Choose friends who have the potential to make you better.
Then allow them to do just that.
This might be the most radical thing I’ve said so far: all over the world and in all other generations, living a life of accountability is considered not the exception but the rule. It’s the thing Jey missed about living in Kenya—someone to catch him. And someone to catch his daughters, to love them enough to help them become the best possible version of themselves.
If you are a follower of Christ, your new self longs to be caught. We aren’t comfortable in our sin. We are a “new creation,” remember? “Therefore, if anyone is in Christ, he is a new creation.

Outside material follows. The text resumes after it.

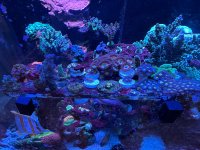 IMG_3507.jpeg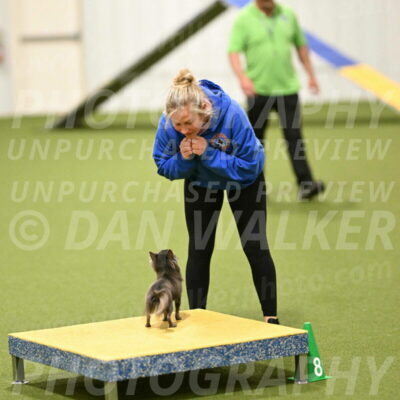 Felina-Samantha-Yanchik-07742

The old has passed away; behold, the new has come.”
And when our old selves are gone, we are never again at home in our sin.
We were wired to live in the light, to be known, seen, and challenged to live better lives.

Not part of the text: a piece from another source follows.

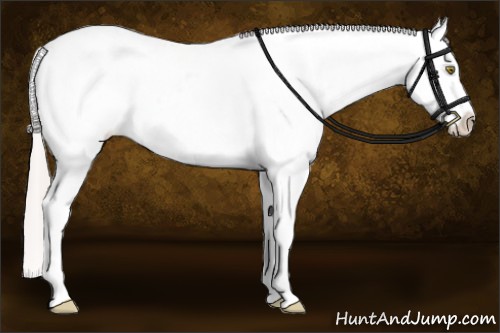 Horse Color:Silver Sable Champagne Sabino Rabicano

When I recently took Cooper back to Rwanda for over a week, his aunties and surrogate tribal elders took it upon themselves to parent him. Auntie Alice and Pastor Fred were always with us and always correcting him and instructing him, teaching him, exhorting him to be his best.
When Cooper was showing off to a slew of street kids who were visibly impressed with him, Pastor Fred pulled him aside, knelt in front of him, and put his hands on my kid’s
shoulders. Gently he said, “Cooper, you are missing a great opportunity to ask these boys questions about their lives too. I know it feels good to be treated as though you are special, but these children are special as well. You have a responsibility to see them and to take an interest in them, just as Jesus would do, to show that you know how to engage with them, and listen to them, and care.”
My jaw dropped. I hadn’t asked Pastor Fred to coparent with me that week. He was just doing what
in his culture does. Believers in Rwanda collaborate, holding each other and anyone they love to the standard of Jesus and letting them know when they fall short. Whether aunties and uncles by blood or by choice, accountability is the language of village life.